»»

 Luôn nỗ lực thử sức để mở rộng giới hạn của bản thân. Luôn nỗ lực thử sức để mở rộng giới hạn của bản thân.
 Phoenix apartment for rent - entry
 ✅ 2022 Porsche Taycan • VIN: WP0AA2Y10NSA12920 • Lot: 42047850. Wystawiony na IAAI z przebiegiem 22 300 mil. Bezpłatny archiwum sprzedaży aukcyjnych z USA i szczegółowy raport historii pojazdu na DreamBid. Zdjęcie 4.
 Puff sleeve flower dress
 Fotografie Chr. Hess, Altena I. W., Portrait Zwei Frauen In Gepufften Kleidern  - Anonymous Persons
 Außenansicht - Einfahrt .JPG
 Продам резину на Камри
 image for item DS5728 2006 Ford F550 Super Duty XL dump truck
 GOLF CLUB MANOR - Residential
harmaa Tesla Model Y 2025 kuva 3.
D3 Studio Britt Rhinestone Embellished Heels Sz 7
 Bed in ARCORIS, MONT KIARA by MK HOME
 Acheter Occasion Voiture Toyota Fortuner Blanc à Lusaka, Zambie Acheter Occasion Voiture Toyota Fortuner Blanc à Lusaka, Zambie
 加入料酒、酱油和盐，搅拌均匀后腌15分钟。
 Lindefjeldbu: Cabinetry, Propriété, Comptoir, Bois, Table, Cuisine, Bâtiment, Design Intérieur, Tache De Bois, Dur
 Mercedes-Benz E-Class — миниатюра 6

««

Problem requirements:
All lines from the one containing "De Bois, Dur" through the last line of the data, both included, are to be retyped exactly, and no other line belongs in the answer.

Final answer:
 Lindefjeldbu: Cabinetry, Propriété, Comptoir, Bois, Table, Cuisine, Bâtiment, Design Intérieur, Tache De Bois, Dur
 Mercedes-Benz E-Class — миниатюра 6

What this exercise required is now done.